Bhubaneswar, Odisha (June 2025): New govt rules claim to bring relief to those who are unable to monetize their land to meet urgent needs such as medical treatment, education, or other expenses and replace years of stringent rules that had frozen land transactions in many urban areas. This amendment allows part sale of plots up to 500 sqm without approval, easing land transactions for owners and developers, even with multiple co-owners. However, the sold plots cannot be used for real estate purposes, directly. Though the age-old Jokepal Jugaad will always remain open for smart deal-makers and officially civil messiahs.
ODA (Planning & Building Standard) Second Amendment Rules, allowing part sale of plots and without approval for patches of land up to 500 square meters in size. If a layout is already approved by authorities, no extra space needs to be left when plots are further split. Agricultural plots are exempt from sub-division layout rules if they retain their agricultural status and so land conversion process will now become a more lucrative source of income for land revenue officers, authorities & co, who’re already thriving inside very honest alternative systems!
Regulations still require all sold plots to have road access, which may hinder development in some regions with less politically affiliated builders. Moreover, the overlap with RERA (Real Estate Regulatory Authority) regulations could lead to legal ambiguities, as noted by some legal commentators and citizens.
Developers must leave some space open, depending on how big the plot is. Such open areas may be used for roads, public utilities, or parks. In case of town planning schemes, open space reservation requirements are waived for further sub-division of final plots.
FAR (how much you can build based on your plot size) depends on road width for most buildings. Such restrictions won’t apply to low-risk buildings (like small houses). Industrial buildings must provide loading zones, but no parking is needed for small plots up to 300 square metre.

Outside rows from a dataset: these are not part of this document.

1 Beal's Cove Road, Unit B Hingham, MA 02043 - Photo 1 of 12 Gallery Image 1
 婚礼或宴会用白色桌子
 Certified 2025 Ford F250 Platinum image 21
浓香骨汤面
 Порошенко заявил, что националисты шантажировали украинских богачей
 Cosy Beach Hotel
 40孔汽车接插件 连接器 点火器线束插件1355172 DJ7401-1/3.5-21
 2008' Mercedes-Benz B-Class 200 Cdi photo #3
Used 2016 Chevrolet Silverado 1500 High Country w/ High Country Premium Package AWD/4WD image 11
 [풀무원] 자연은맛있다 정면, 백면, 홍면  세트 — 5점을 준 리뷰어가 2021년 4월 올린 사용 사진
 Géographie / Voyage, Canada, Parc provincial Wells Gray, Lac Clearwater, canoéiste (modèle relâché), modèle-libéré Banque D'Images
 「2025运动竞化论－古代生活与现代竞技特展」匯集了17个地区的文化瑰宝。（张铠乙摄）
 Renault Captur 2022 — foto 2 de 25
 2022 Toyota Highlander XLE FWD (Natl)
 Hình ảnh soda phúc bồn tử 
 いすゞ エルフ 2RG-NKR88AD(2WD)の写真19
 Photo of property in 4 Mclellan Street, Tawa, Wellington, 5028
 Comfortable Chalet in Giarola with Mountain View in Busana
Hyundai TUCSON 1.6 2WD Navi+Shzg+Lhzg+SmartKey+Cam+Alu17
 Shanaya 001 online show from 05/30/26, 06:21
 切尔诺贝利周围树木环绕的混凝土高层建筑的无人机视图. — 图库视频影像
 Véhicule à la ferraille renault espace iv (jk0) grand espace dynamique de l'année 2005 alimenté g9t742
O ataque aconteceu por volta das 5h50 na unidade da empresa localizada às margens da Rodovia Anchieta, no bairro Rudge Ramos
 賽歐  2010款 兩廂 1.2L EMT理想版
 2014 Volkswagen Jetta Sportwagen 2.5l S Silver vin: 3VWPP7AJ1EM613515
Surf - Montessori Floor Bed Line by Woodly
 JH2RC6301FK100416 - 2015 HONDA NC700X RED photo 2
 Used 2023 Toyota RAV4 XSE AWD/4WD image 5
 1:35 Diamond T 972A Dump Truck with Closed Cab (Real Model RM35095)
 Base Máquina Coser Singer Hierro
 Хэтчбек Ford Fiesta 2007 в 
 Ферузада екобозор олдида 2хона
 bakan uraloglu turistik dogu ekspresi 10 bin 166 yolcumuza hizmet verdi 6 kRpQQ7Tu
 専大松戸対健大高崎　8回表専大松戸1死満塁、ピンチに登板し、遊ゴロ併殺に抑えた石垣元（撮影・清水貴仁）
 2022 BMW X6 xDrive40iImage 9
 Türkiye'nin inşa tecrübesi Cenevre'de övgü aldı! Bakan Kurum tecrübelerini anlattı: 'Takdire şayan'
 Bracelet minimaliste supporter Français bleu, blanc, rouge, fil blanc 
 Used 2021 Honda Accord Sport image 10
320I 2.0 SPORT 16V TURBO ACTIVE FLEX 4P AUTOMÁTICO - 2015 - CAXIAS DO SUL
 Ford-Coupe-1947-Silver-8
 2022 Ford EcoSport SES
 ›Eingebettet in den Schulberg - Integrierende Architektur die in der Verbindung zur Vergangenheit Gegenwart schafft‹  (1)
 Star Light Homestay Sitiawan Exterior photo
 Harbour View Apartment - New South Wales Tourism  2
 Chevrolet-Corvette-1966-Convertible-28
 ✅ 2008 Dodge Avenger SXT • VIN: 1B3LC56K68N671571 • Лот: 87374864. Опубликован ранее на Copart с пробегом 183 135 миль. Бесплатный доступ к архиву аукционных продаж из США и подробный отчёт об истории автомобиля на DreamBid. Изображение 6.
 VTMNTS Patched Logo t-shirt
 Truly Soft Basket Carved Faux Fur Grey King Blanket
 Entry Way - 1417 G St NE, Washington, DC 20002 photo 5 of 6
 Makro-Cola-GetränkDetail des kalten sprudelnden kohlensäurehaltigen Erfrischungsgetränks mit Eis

Affordable Housing Requirements: Large land plots must keep 10 – 20% of the land for smaller, affordable plots – 10% if land is 0.4–1 hectare. 20% if over 1 hectare. The regulations are expected to significantly impact urban development by clearing plot registration backlogs, liquidation of fixed assets and streamlining construction approvals for big builders and developers. The small land owners and independent house builders can be grossly ignored in this whole new game.
Like many other states, ultimate goal here sounds like pushing more dwellers into housing societies and apartment blocks for total control over lifestyles of commoners and further ease items like surveillance and monopoly business for all stakeholders involved.